— EXERCISE DIRECTIONS —
Would you return the full listing exactly, with nothing altered?

═══ GIVEN DATA

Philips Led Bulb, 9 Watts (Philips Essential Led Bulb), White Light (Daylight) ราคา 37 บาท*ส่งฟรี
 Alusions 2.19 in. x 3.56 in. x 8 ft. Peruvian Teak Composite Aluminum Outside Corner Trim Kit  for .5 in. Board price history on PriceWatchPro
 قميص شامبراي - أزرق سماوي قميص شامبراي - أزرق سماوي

══════

— EXERCISE SOLUTION —
Philips Led Bulb, 9 Watts (Philips Essential Led Bulb), White Light (Daylight) ราคา 37 บาท*ส่งฟรี
 Alusions 2.19 in. x 3.56 in. x 8 ft. Peruvian Teak Composite Aluminum Outside Corner Trim Kit  for .5 in. Board price history on PriceWatchPro
 قميص شامبراي - أزرق سماوي قميص شامبراي - أزرق سماوي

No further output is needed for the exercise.